For years, corporate and political marketeers have been committing a predictable and painful set of offenses under the fraudulent banner of “personalization”. After uncountably many tons of direct mail heaped upon me over the years, it's time to direct a few remarks back at them. The “you” I'm addressing here are the people committing these unbearable acts, especially in political mailings, not the myriad others of us who endure them.

It's easy to throw a lot of smart tech at things and think you've done something wondrous to cultivate a relationship with mass numbers of people. You have not. There is nothing personal about mass mailings. You may be hoping AI will soon fix that. It won't. Let's just say that right up front by making that point number one in the list of points I have to make:

  1. Knowing something personal about me like email or that I gave you money or that I didn't give money recently is abuse of privacy, not personalization. You'll know when you have personal information or a personal relationship because I will have been personally involved in establishing it.

    And, no, you calling me on the phone and getting me to answer personally is not me establishing it. It's just you making unauthorized second-hand use of a phone number I almost certainly gave you (or more likely someone else that I mistakenly thought I could trust) for a very different purpose. Doing this does not make us friends. It makes me instantly unlikely to trust you and it makes me regret trusting whoever I gave the phone number to originally. That they saw selling my personal data as a revenue source makes them absolutely no friend of mine.

    Having a bot, instead of a person, call me on the phone with a rude and impersonal agenda will not improve that. Technology is not a fix for social problems, only a force multiplier.

  2. Interest is opt-in. Making it opt-out breeds strong antipathy.

    Ask yourself how you'd feel by if someone just started using the trash cans outside your house for disposing of their trash and left you a “helpful” note on the cans telling you that if you didn't like it, you were welcome to drive across town and stop by their office to ask them not to. That isn't in fact helpful, puts a large burden on the person being taken advantage of, and would not be well-received. But it's basically the same kind of thing as people are doing when they fill your mailbox with unwanted mail that you haven't asked for.

  3. People donating small bucks are not pledging undying interest. Read what your own call for donations says. It almost surely requested help “at this critical moment” not “now and forever after.”

    Notice further that I was probably offered a box saying “one-time contribution” and checked that in preference to even a “monthly” contribution. Ask yourself then whether it's really likely that if I didn't want monthly, it was because I wanted to give more money the same day, or the next day, or any time within that month.

    Now also look at the address you probably harvested with the donation. Is it out-of-state? Ask yourself whether that makes it more likely or less likely that I am serious about the “one-time” thing and whether my mailbox should have anything in it but a thank you for at least a month, if not for the entire election cycle. Seriously. I know where to find you if I need to donate more.
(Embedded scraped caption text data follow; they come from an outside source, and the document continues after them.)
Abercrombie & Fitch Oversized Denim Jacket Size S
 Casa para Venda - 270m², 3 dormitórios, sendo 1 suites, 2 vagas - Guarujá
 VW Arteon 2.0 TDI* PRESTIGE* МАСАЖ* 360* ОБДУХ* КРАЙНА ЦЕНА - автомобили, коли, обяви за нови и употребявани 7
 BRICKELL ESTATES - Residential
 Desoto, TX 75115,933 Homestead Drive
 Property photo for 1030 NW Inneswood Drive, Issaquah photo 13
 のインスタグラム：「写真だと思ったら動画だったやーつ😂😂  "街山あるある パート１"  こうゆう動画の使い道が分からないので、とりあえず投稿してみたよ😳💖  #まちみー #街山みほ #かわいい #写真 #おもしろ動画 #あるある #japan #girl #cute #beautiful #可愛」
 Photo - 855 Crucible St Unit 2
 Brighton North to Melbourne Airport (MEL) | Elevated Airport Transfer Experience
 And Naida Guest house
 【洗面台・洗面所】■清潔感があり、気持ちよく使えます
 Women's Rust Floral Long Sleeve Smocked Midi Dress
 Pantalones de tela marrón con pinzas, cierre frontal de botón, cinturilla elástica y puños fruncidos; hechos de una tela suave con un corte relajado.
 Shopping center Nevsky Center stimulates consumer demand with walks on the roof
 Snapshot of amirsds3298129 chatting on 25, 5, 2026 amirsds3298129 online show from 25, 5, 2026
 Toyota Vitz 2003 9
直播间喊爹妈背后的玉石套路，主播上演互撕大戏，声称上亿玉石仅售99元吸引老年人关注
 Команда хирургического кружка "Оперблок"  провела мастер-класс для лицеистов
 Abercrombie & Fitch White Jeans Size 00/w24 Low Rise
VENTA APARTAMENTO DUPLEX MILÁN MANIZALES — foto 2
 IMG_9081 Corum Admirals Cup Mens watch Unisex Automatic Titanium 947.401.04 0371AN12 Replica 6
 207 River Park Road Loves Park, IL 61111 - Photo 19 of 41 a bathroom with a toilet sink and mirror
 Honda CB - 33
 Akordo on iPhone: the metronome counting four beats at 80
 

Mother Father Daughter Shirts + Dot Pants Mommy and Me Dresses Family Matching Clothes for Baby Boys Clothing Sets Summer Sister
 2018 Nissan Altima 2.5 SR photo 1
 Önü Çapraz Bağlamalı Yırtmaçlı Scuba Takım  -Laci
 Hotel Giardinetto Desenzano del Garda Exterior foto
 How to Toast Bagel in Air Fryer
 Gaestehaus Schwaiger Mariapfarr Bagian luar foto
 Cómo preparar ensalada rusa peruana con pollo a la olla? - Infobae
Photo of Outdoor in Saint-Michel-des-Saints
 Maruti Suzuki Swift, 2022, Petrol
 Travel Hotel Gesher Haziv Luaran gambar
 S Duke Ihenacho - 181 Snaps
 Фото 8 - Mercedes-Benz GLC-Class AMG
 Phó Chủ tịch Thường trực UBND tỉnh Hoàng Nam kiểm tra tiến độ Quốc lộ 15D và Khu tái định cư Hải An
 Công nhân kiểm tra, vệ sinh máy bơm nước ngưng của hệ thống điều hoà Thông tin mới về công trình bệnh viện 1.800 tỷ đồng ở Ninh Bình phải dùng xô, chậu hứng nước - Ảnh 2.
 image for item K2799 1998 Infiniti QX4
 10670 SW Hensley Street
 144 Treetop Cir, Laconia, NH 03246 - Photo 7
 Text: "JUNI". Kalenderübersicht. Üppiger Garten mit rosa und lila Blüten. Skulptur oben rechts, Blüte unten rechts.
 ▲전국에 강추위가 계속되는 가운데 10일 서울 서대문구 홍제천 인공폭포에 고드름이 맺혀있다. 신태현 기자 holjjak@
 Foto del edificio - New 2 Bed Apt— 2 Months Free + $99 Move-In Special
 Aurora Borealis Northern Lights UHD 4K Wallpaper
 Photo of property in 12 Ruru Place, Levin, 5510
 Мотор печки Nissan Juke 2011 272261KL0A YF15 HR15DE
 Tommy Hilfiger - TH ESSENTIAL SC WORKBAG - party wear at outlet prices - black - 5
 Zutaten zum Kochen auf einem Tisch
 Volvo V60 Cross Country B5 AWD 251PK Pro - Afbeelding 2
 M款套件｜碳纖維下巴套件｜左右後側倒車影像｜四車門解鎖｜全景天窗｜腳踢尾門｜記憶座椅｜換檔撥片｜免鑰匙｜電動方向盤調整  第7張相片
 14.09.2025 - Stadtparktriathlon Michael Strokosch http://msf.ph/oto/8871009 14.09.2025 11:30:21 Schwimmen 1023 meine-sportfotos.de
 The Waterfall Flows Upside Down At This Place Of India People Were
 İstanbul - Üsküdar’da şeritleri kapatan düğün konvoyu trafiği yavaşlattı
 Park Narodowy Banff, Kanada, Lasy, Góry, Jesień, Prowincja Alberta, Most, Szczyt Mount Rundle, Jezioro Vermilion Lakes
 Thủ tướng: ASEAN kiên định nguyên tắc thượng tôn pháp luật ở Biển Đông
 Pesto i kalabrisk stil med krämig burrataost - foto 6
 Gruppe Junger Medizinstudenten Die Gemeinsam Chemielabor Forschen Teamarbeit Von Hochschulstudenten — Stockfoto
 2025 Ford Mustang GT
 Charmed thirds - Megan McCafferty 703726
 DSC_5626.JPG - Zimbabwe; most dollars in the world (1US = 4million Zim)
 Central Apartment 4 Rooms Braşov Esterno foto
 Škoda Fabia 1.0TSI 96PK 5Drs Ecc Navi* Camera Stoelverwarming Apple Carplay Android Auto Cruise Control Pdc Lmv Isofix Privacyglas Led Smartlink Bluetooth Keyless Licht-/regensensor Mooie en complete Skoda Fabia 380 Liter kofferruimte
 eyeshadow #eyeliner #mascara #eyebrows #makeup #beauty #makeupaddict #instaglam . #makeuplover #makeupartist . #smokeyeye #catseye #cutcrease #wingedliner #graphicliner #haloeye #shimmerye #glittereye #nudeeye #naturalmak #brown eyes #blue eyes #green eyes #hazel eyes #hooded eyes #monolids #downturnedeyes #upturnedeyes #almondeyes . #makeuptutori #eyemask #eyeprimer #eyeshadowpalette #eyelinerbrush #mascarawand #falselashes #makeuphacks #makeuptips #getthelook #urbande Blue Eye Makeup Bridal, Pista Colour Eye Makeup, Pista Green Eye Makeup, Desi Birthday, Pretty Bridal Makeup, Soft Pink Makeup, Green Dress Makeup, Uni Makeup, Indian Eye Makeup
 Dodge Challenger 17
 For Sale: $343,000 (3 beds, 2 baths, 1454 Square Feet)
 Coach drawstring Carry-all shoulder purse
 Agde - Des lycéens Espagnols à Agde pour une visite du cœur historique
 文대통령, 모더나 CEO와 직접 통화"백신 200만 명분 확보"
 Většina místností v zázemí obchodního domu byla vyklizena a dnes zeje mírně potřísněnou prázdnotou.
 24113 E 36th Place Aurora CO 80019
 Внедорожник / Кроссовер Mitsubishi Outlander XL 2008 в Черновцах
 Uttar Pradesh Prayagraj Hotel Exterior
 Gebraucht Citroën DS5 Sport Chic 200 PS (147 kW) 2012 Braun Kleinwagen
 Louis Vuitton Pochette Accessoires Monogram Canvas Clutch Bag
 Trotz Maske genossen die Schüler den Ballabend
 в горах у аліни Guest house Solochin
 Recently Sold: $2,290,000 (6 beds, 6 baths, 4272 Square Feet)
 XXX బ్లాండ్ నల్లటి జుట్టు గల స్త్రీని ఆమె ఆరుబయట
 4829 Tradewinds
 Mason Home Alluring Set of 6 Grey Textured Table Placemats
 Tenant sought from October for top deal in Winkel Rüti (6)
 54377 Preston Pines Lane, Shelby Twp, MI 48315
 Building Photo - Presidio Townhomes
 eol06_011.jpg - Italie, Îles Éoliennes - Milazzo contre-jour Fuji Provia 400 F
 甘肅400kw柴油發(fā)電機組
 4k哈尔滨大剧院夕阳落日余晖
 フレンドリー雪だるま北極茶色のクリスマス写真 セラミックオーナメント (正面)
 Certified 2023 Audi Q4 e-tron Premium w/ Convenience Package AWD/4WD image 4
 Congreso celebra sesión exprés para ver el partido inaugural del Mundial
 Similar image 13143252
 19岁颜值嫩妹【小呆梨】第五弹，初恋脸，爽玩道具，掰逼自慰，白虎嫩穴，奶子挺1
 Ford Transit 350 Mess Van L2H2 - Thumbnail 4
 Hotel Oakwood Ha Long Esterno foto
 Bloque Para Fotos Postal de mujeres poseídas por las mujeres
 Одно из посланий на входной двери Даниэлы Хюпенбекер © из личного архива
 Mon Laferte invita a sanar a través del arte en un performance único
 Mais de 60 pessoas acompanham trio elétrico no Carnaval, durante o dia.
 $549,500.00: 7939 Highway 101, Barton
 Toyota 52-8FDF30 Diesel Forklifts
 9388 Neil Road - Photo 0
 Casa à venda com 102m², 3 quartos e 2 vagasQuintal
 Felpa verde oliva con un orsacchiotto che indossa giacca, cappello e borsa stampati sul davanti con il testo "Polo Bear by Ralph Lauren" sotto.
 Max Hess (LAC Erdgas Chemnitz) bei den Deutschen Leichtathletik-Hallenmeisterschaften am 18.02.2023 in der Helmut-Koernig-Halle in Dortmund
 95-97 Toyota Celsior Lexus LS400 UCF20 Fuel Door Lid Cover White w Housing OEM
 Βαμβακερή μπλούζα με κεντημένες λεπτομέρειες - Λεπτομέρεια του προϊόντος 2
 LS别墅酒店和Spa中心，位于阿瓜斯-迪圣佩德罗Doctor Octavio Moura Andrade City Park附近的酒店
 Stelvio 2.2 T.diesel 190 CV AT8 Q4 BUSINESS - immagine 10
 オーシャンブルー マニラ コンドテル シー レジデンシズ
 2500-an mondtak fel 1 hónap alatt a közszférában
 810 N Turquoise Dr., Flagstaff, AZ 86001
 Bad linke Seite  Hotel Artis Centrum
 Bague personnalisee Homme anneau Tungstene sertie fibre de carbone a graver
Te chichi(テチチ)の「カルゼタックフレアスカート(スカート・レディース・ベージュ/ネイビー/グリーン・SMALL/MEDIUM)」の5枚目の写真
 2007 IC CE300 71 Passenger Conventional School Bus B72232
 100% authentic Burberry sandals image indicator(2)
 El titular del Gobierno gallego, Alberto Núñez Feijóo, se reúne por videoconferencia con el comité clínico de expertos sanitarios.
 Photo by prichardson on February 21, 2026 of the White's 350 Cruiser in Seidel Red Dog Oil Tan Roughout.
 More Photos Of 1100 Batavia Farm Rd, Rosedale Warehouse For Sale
  4. Speaking of people who are contributing from out of state: In most cases these are not your constituents. Shouldn't you speak to them differently than the people you actually represent? If you don't realize this, you're not as much my best pal as you imagine.

    Make a template that's different for non-constituents/out-of-staters, one that reminds people who in the world you are, and one that gets used far less often—preferrably only in true emergencies. Just the process of putting yourself in this other frame of mind, of realizing these are different people with different goals, should be instructive to you.

  5. Message fatigue is a serious risk. It can't be a crisis every day without becoming just normal. No one can sustain a crisis mentality. If you're not going to be honest about what is and is not a real crisis, no one will believe you forever after. Is that in fact what you want?

    Did you never read The Boy Who Cried Wolf in school? It's supposed to be a really basic aspect of the socialization of human beings everywhere. We are asked to learn at a young age to be respectful of others' need for you to prioritize your requests and concerns so as not to overwhelm them. Do you think yourself exempt?

  6. Have you done the math? If I only gave you a one-time donation of $10, do you really think I have $3650 secretly allocated to help you and just need to be manually poked with a stick each and every day to pony up the next $10 installment for 365 days a year???

    Extra Credit: How many of your donors have $3650 in surplus cash at all for anything, much less for your one political race. (Hint: If the answer is a large number, you are not listening to ordinary voters at all.)

  7. Some people use email addresses where they can receive mail but from which they cannot initiate mail. If your unsubscribe needs me to send from the unsubscribe address and I have given you such an address, it may be that I can never unsubscribe. Do you think that, locked in that unstoppable flood of unwanted mail, I will ever think well of you again?

  8. Mailed out surveys, whether by email or physical mail, are a dead concept.

    With 98% likelihood, if I fill out a survey, it will be ignored and all you'll care about is the money you ask for on the last page.

    You, political marketeers, have killed surveys for any useful purpose ever because only those planning to donate will fill them out, so you have no representative sample.

    If you tout survey results as meaningful, you are misleading people either stupidly or willfully.

  9. We recipients of excess political email are a tragedy of the commons, completely worn out by overuse. You are hurting not just yourself, but the hopes of others.

This is probably not a complete list. But these issues matter a lot.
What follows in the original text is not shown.